It’s never good when rum seems like the only solution.
Picture this scene five years ago: it was 1 AM, and I couldn’t sleep—again.
Back then I didn’t realize how common my sleep problem was. The American Academy of Sleep Medicine estimates that 15 to 20% of adults struggle with insomnia in the short term, while 10% have longer-lasting disorders.
Dread of the dark perched on my shoulder. In the kitchen, I sloshed a little liquor into a glass. That’s when I noticed that the liter bottle was almost empty.
My husband doesn’t drink, and I had not made any daiquiris. I’d finished the rum all by myself.
I wasn’t getting hammered—I just had what seemed occasional shot to sleep. Tylenol PM made me groggy all day; valerian gave me a headache. Alcohol seemed like a reasonable alternative.
But when I held that empty bottle, it didn’t seem reasonable at all. Suddenly, I noticed it made me feel ashamed to keep turning to drink.
Help, Jesus, I thought. I have a real problem with sleep. I don’t know what to do.
In that moment, I felt worse about my insomnia that I ever had. I was so sick of being wide awake. I was so sick of the dread that smothered me when I hit the pillow. I was so sick of the dark.
And now, I was sick of the one solution that helped me. Despite my prayer, I felt terribly alone.
Little did I know that that moment of shame would help me finally start getting the sleep I longed to have. My sleep habits changed not because I tried harder, but because I changed my attitude towards my struggle.
The biggest shift that happened that night was simply admitting to myself and to God that I had a problem sleeping. It’s funny—before that night, I knew perfectly well I struggled with sleep. I just didn’t want to deal with it.
The morning after I held the empty bottle, I did something truly transformative. I googled “insomnia” for the very first time.
That’s right: I had never actually researched my problem before.
To my surprise, the very first article I found suggested a new strategy: it told me to get up rather than tossing and turning.
I decided to give it a whirl. The next sleepless night, I got up and played solitaire. When I felt tired again, I lay down—and fell asleep immediately.
It changed everything.
I could not believe how simple it was to find an alternative to alcohol. It didn’t make insomnia go away, but it made it easier to bear.
But only when I finally admitted to Jesus that I could not erase insomnia did I start actually confronting it.
In the months that followed, I played nighttime solitaire regularly. Rather than feeling anxious, I felt present and calm. My calmness helped me notice something. On nights approaching my period, I had the most trouble sleeping.
My insomnia came fromHORMONES.
I’d always assumed that my insomnia was a character flaw. When I realized my sleep patterns had a physical origin, a huge weight of shame dropped off my shoulders.
Insomnia, oddly, connected me more to my body. As I noticed the ups and downs of my energy, I felt thankful for being God’s creation. He didn’t make me a machine, but gave me a cycle like the tide and moon. I could celebrate being human, precious, and unique.
Once I had a better understanding of insomnia, sleeplessness no longer bothered me much. On the nights where I lay wide awake in bed, I just got up. It was no big deal.
In other words, the story I told myself about my insomnia made all the difference.
If I told myself I was stupid for not falling asleep, I spent the entire night half-panicked and ashamed.

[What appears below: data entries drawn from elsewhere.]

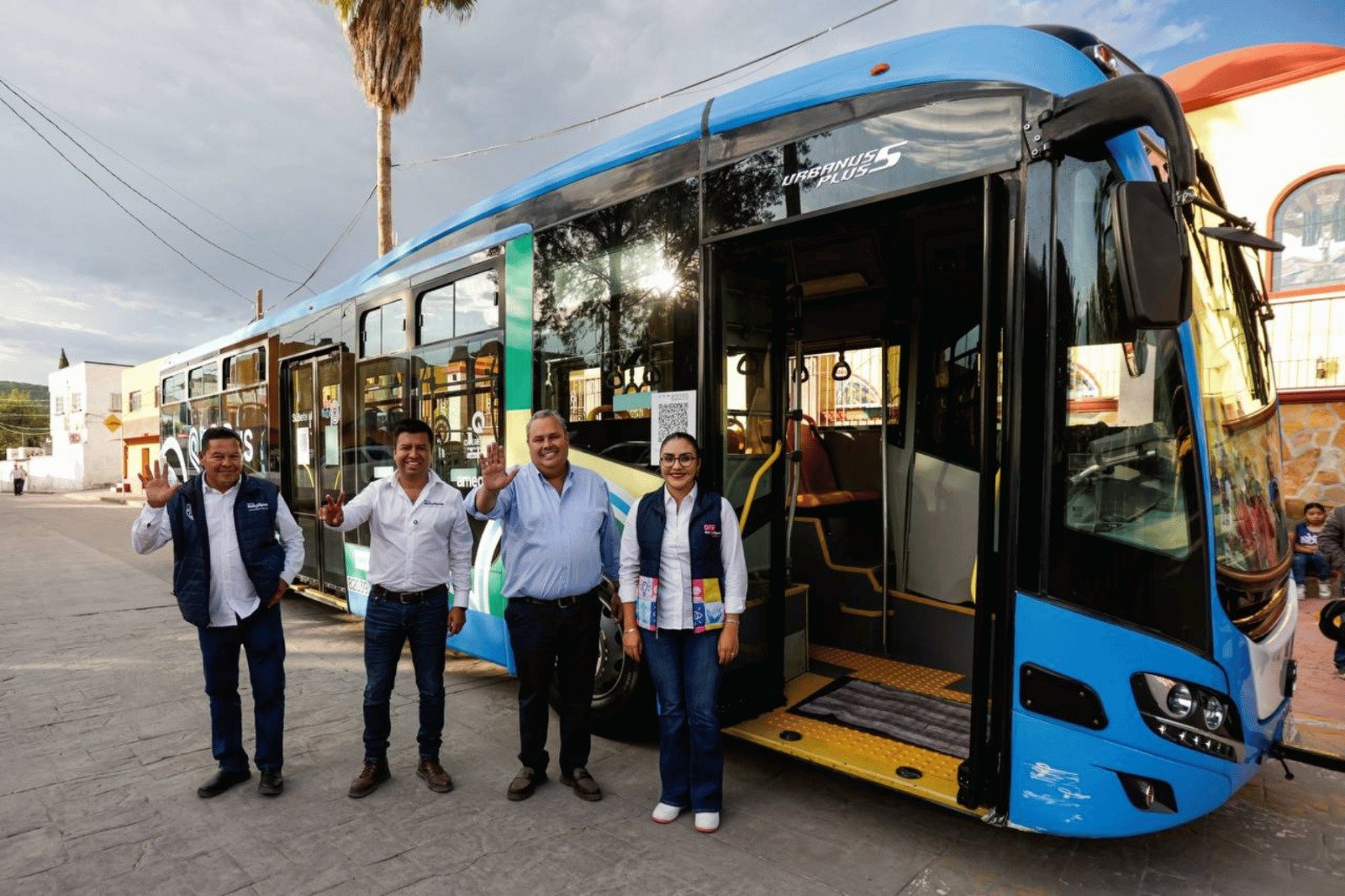 AMEQ separa a 64 operadores de Qrobus por incumplimientos durante 2026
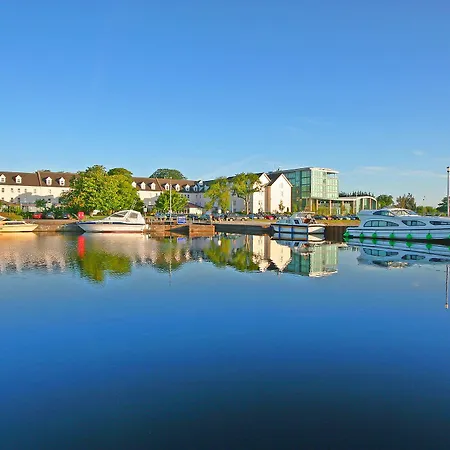 Hodson Bay 4* Атлон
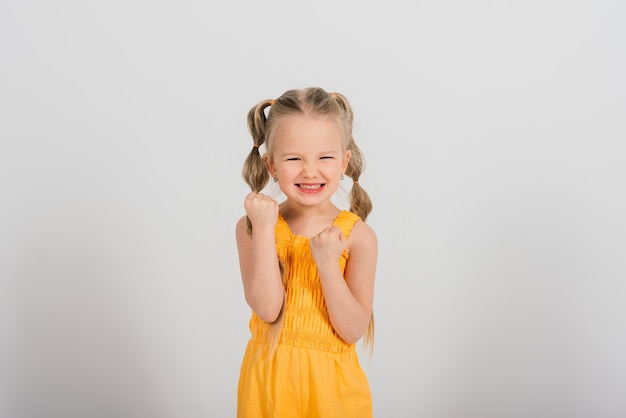 Ritratto della ragazza sorridente felice del bambino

If I told myself my sleeplessness was normal, and that I’d get through it okay, it no longer panicked me.
Changing how I saw insomnia made it less burdensome.
Before I came to terms with my anxiety, I felt a lot of guilt about not praying in the night watches. Friends used their sleeplessness as a call to reach out to God, but to me, 1 AM prayers sounded stressful instead of restful.
But as my sleepless nights grew more bearable, I began praying almost without realizing it. If I felt upset about something, I’d talk with God as I played cards.
Little by little, I found God to be my nighttime companion without much fanfare. During some long nights where sadness kept me up, I found such unexpected sweetness from God’s presence—not because I tried harder, but simply because I needed someone to talk to.
It’s funny: I spent decades being afraid of not sleeping. Now, five years later, insomnia no longer drains me. It’s just a different kind of night.
Your insomnia might be more serious than mine; more entrenched, or in need of serious medical intervention. I’m not saying that praying will “cure” insomnia. I’m saying that rather than wishing away our brains, our cycles or our pain, God asks us to allow them to teach us.
It was when I actually asked for God’s help that I became willing to actually do something about insomnia. Even if I’d needed more complicated interventions, I was finally willing to try.
When I paid attention, I found wholeness, awareness, and connection to God.
The Holy Spirit rushes in when we’re willing to actually face the life we’re living, even when it’s not what we’d choose. Our wise counselor is ready to hold up our arms as we bear burdens we wish we did not have to carry. And even if it’s not what we’d choose, God will strengthen our arms and back to shoulder the load.